*** EXTRACTED INFORMATION Section Begins ***
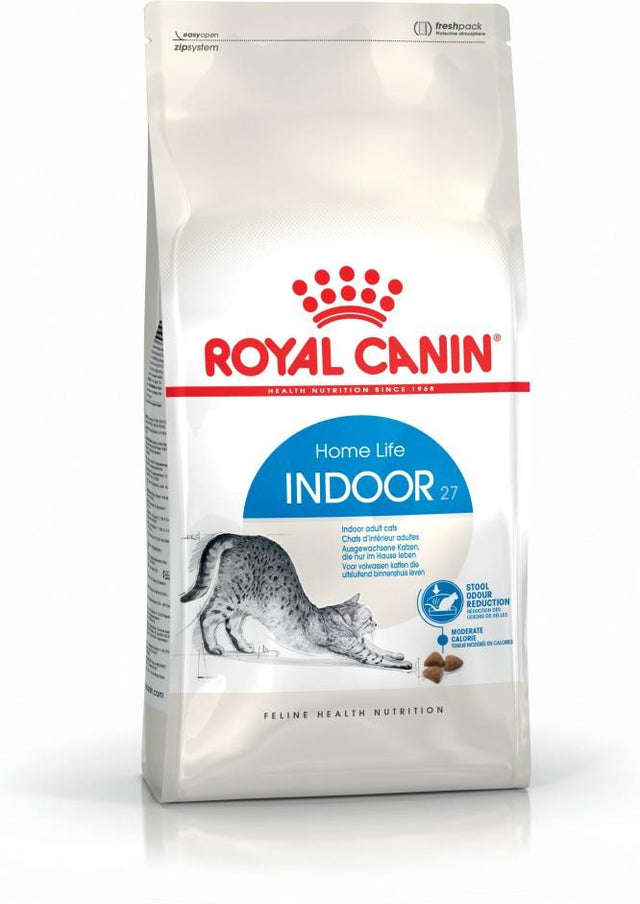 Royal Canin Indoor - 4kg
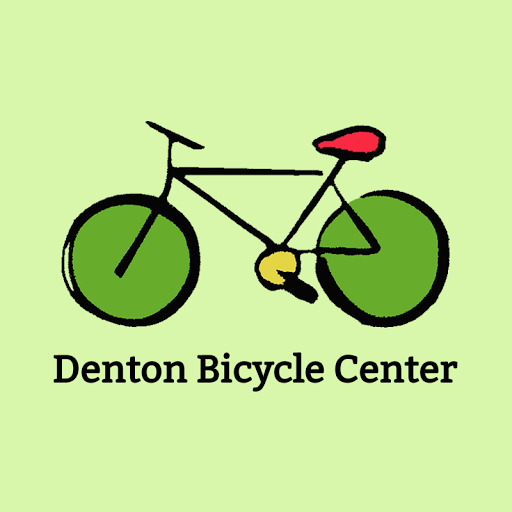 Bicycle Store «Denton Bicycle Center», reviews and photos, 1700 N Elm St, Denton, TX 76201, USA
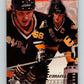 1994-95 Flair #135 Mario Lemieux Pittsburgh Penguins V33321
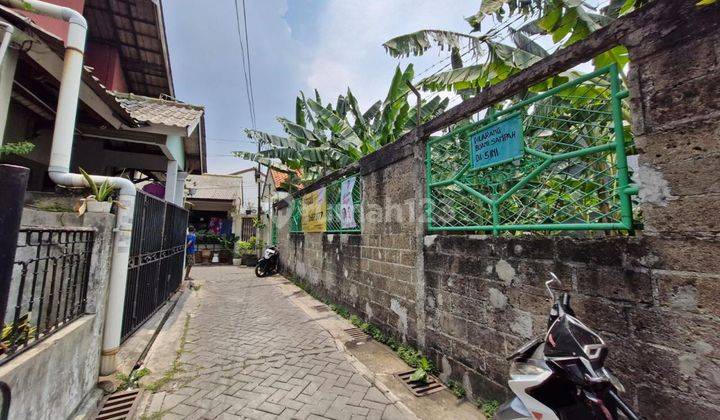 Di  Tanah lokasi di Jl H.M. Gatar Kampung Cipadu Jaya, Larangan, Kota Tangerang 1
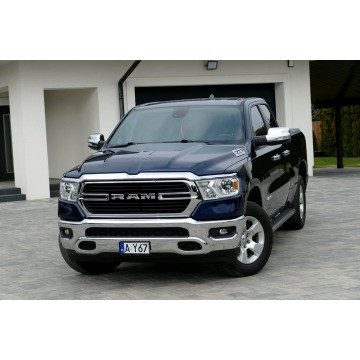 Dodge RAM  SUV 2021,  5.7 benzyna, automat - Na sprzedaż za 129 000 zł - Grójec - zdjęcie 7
*** EXTRACTED INFORMATION Section Ends ***
This task calls for the listing to be restated exactly, with images omitted.

SOLUTION FOR THIS TASK:
 Royal Canin Indoor - 4kg
 Bicycle Store «Denton Bicycle Center», reviews and photos, 1700 N Elm St, Denton, TX 76201, USA
 1994-95 Flair #135 Mario Lemieux Pittsburgh Penguins V33321
 Di  Tanah lokasi di Jl H.M. Gatar Kampung Cipadu Jaya, Larangan, Kota Tangerang 1
 Dodge RAM  SUV 2021,  5.7 benzyna, automat - Na sprzedaż za 129 000 zł - Grójec - zdjęcie 7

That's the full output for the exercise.